◆ **PROBLEM TO SOLVE**
Begin with the line below holding "Imagem 4: Apartamento" and go on through the line holding "Fontainebleau Маями Бийч", duplicating each line exactly and leaving out pictures.

◆ **ENTRIES SUPPLIED**
────

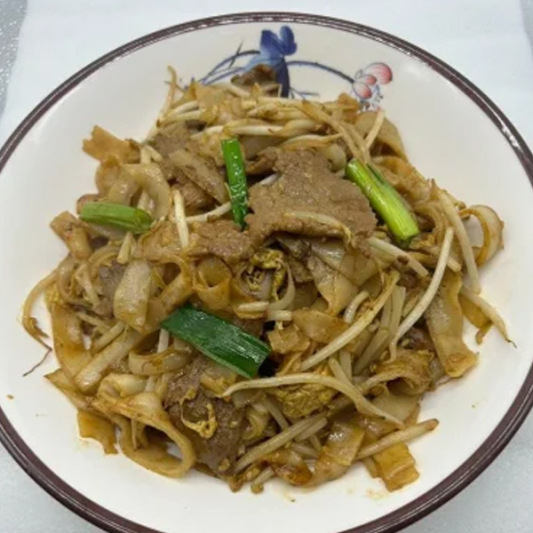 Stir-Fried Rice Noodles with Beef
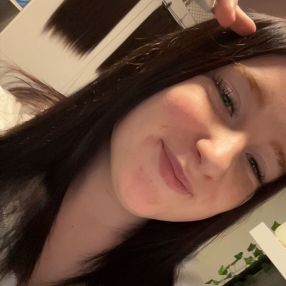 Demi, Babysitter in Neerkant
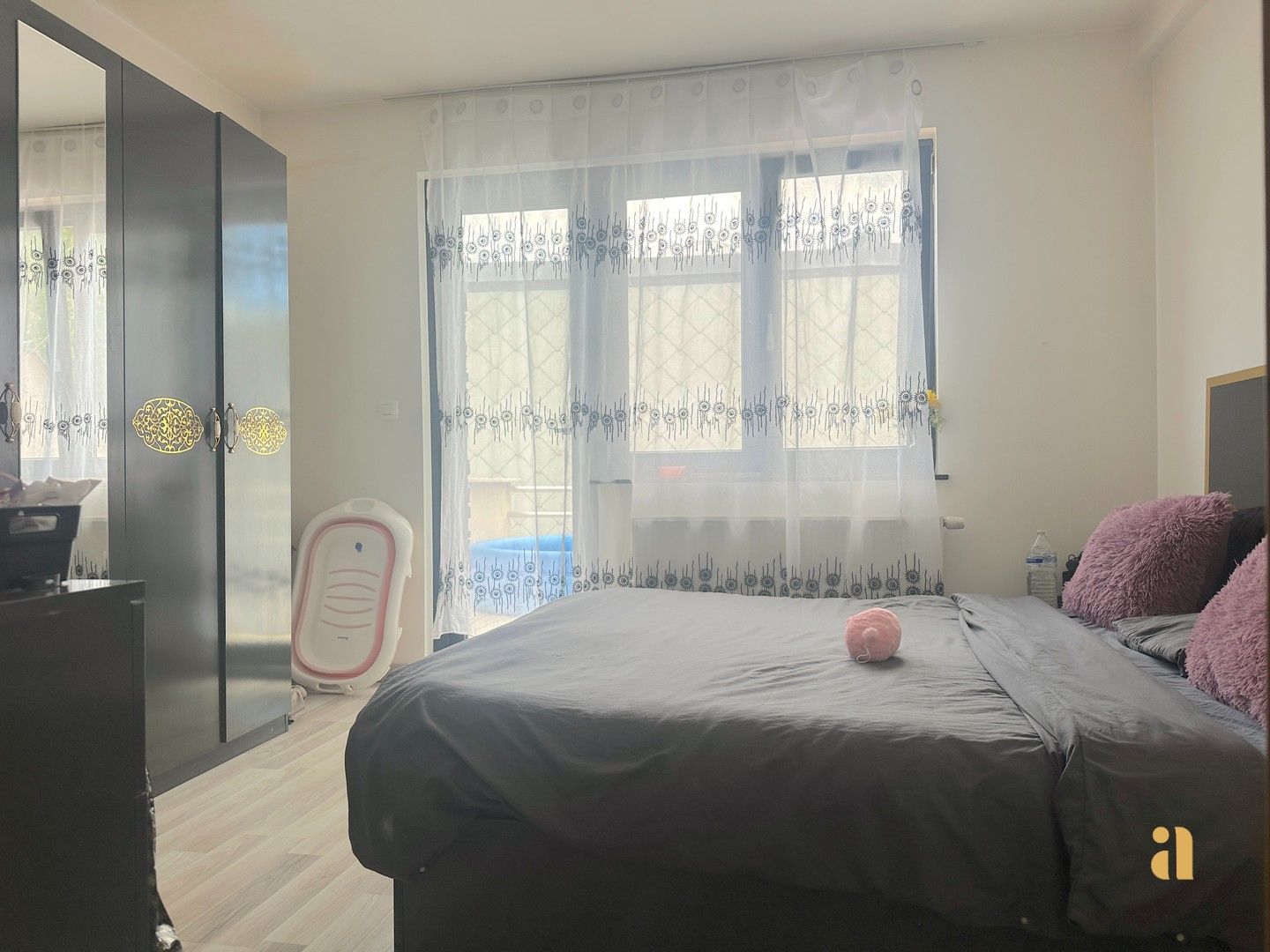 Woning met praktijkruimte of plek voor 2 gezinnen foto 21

────

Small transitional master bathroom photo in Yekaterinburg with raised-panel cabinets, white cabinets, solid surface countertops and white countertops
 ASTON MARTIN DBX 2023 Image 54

────

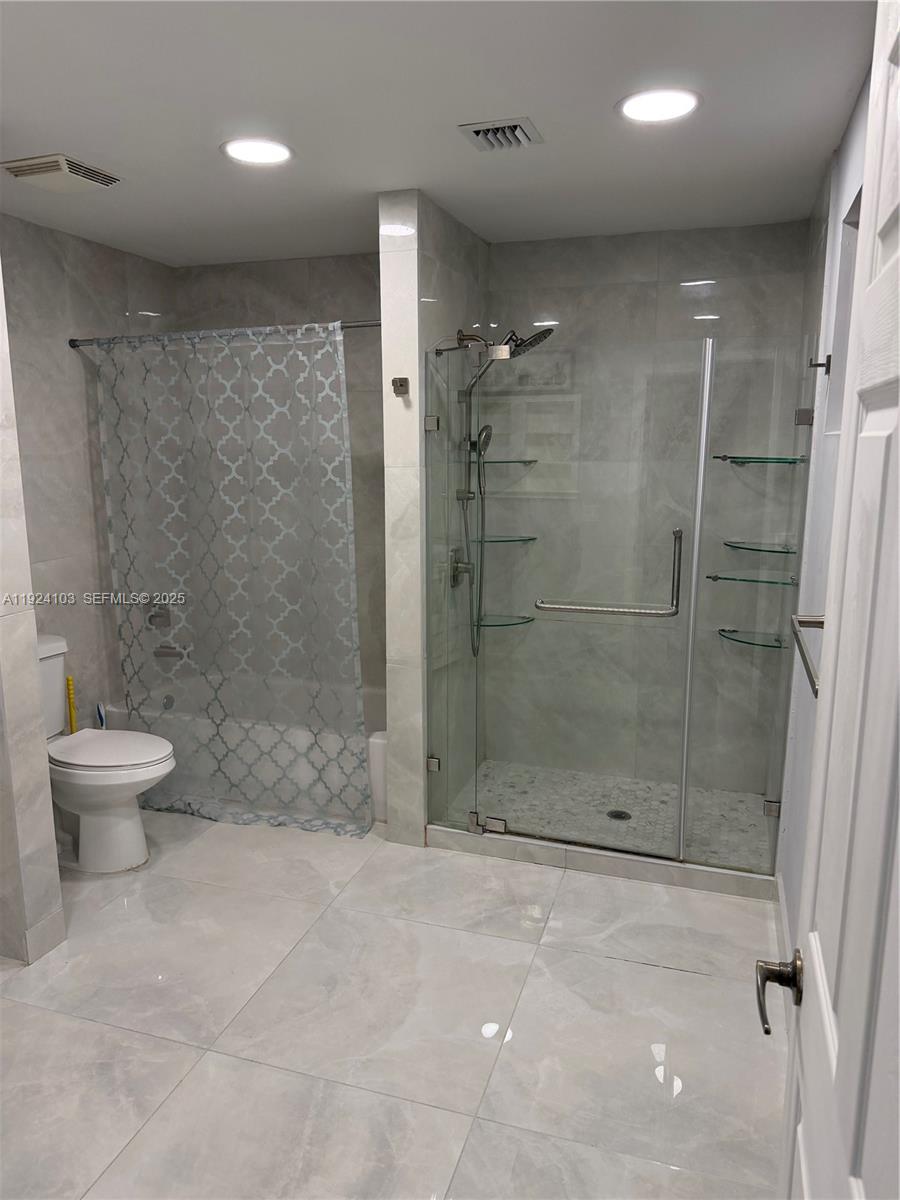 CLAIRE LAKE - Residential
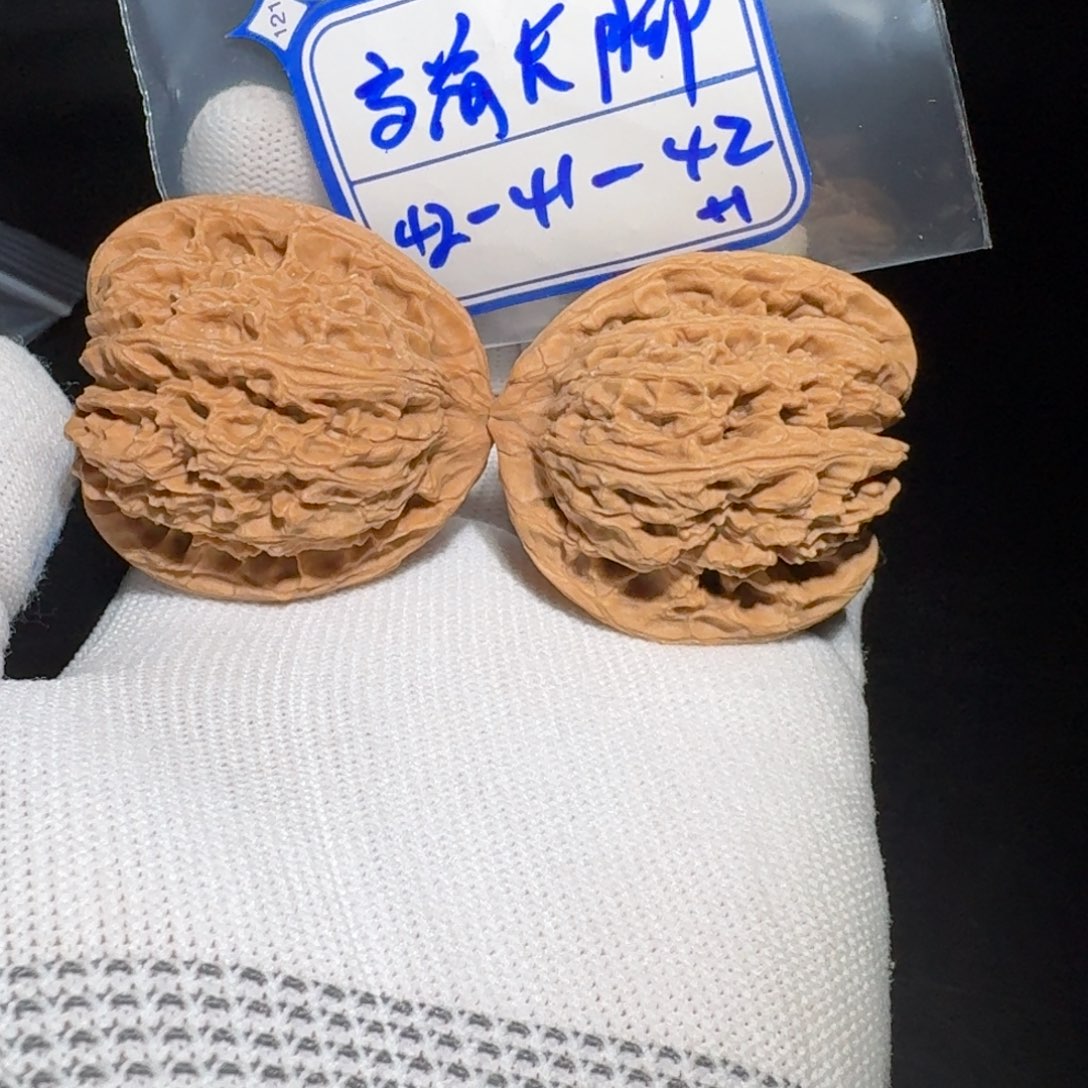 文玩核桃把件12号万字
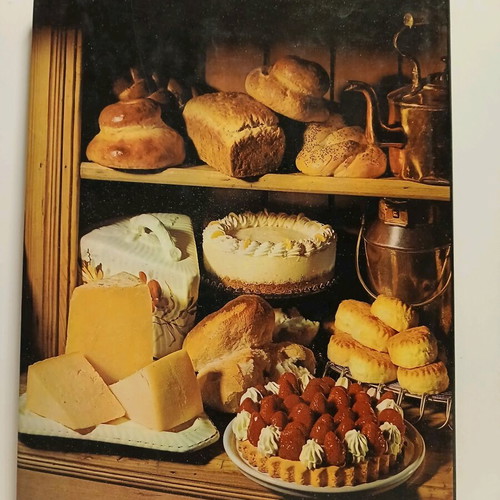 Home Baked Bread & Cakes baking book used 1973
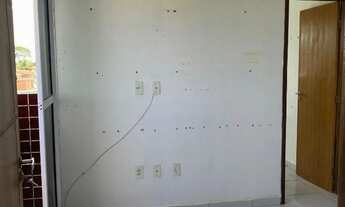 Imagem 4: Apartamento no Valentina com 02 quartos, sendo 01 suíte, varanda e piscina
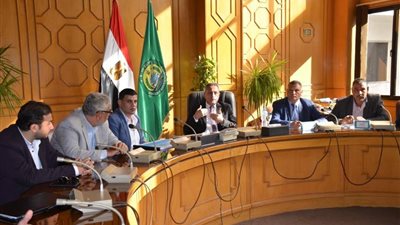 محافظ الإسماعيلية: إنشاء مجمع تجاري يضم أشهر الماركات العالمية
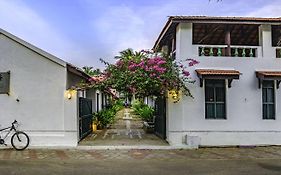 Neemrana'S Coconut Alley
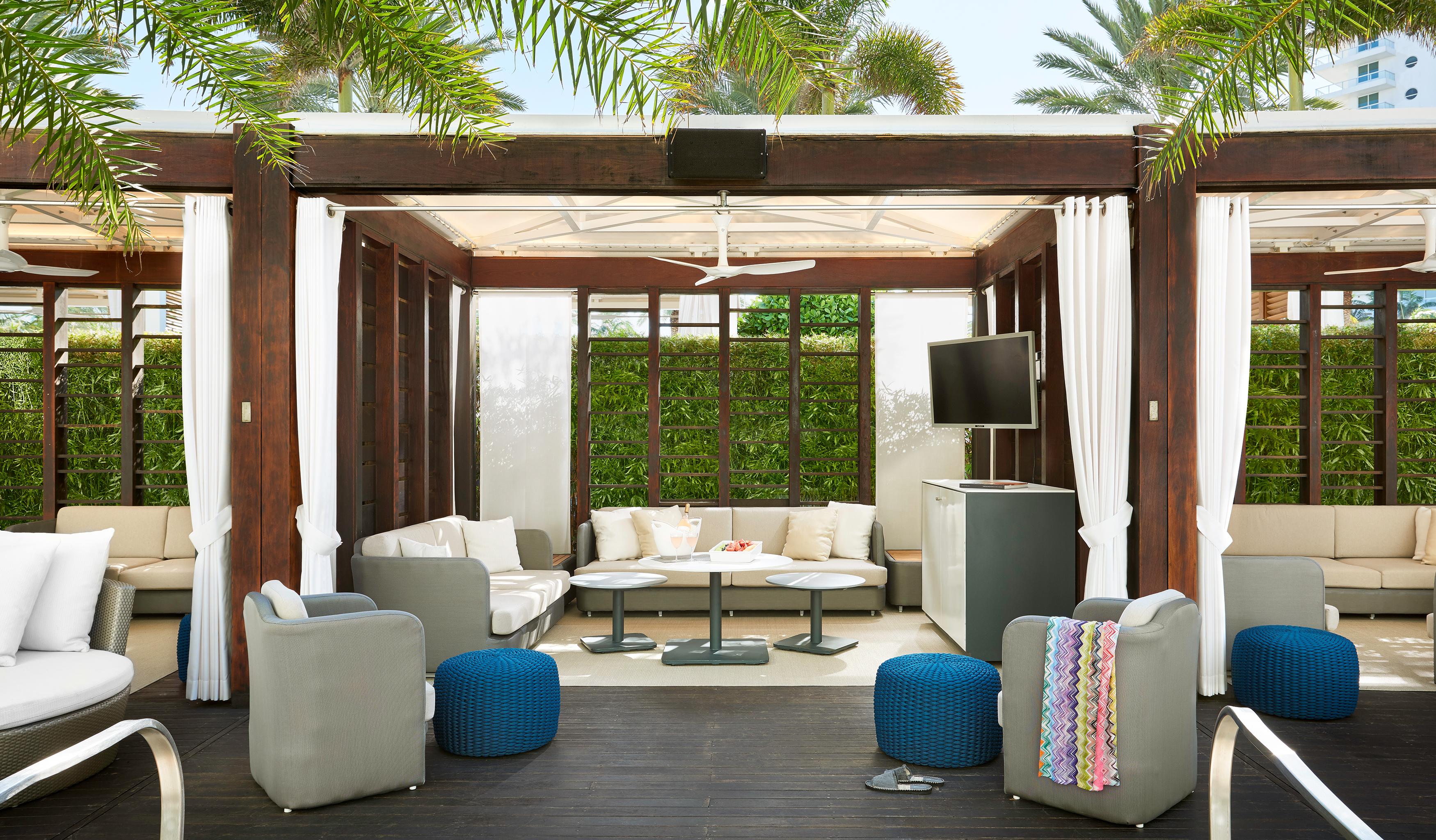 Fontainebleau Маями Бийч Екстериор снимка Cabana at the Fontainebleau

────

◆ **ANSWER SPACE**
 Imagem 4: Apartamento no Valentina com 02 quartos, sendo 01 suíte, varanda e piscina
 محافظ الإسماعيلية: إنشاء مجمع تجاري يضم أشهر الماركات العالمية
 Neemrana'S Coconut Alley
 Fontainebleau Маями Бийч Екстериор снимка Cabana at the Fontainebleau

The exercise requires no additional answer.